4.4. Highlighted Regions by Grad-CAM

Typical characteristic findings of DR, such as retinal microaneurysms, hemorrhages, exudates, and neovascularization, were among the most common highlighted regions by Grad-CAM in our study, consistent with a previous report [37]. In addition, nontraditional regions including the macula and optic disc were occasionally highlighted. As DR may also present with diabetic macular edema and neovascularization of the disc, abnormal features in these regions may also be extracted. Although neurodegeneration precedes vascular lesion in DR [38], whether deep learning models can detect abnormalities before the appearance of clinically observable lesions requires further investigation.

4.5. Limitations

This study has several limitations. First, we only assessed how training using only the T1D dataset affects detection performance; these results may not apply to other etiologies, such as the inherited form, maturity onset diabetes of the young, or other secondary causes.
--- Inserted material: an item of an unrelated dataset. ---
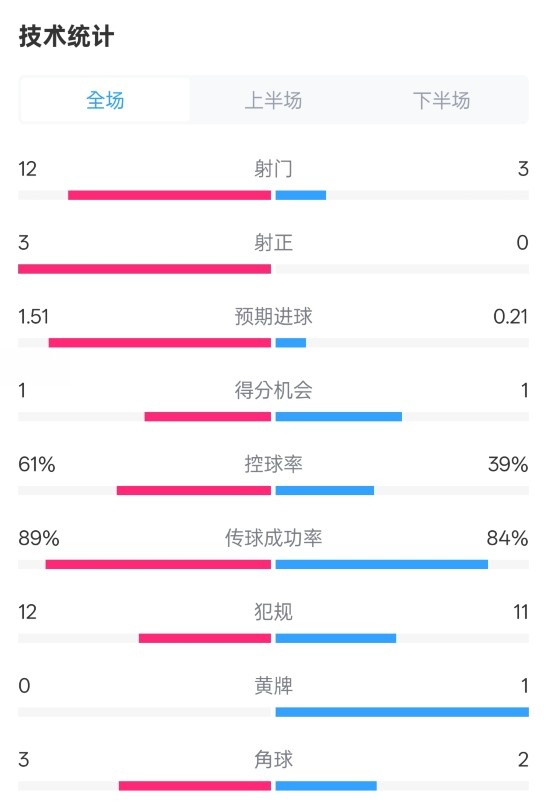  利物浦2-0紐卡全場數(shù)據(jù)：射門12-3，射正3-0，控球率61%-39%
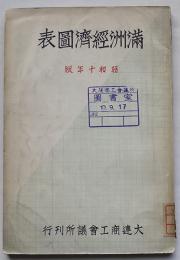 昭和十年版満洲経済図表　大連商工会議所　昭和10年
Second, our T1D data were collected from a single medical center and from a single ethnicity, making the dataset relatively small with less heterogeneity. Third, DR was identified using macula-centered retinal fundus images in the T1D dataset, instead of images obtained through 7-field retinal fundus photography, as suggested by the Early Treatment Diabetic Retinopathy Study [39]. In addition, we did not justify further DR grading, which may help with the determination of treatment-required DR, because the detection of early DR in the T1D population could provide more information in patient care and education [18]. Finally, our models were developed with a limited combination of hyperparameters, and we did not conduct a combined model training on both datasets. A different implementation may thus provide different results.

5. Conclusion

Our study investigated a deep learning-based DR prediction model using two datasets. Our results showed that dataset homogeneity can have a significant effect on the trainability and generalization of the model. This implied that deep learning models should be trained with data similar to the target population and updated according to the landscape of DM to ensure a robust prediction and outcome. As the prevalence of diabetes continues to rise [2], along with an alarming increase in the frequency of T2D among youth [40], the epidemiology of diabetes will continue to change. In addition, activation maps produced inferred that in addition to characteristic findings of DR, the macula and optic disc may also contribute to the detection of abnormalities in fundus imaging.

Data Availability

The T1D dataset is not publicly available due to the data security policy of Chang Gung Memorial Hospital and is available upon reasonable request.


The funding group had no role in study conduction and result interpretation.

Conflicts of Interest

The authors declare that there is no conflict of interest regarding the publication of this paper.

Authors’ Contributions

Jui-En Lo and Eugene Yu-Chuan Kang contributed equally to this work.


The study was supported by the Chang Gung Memorial Hospital, Taiwan (CMRPG3K0481 and CMRPG3L0251).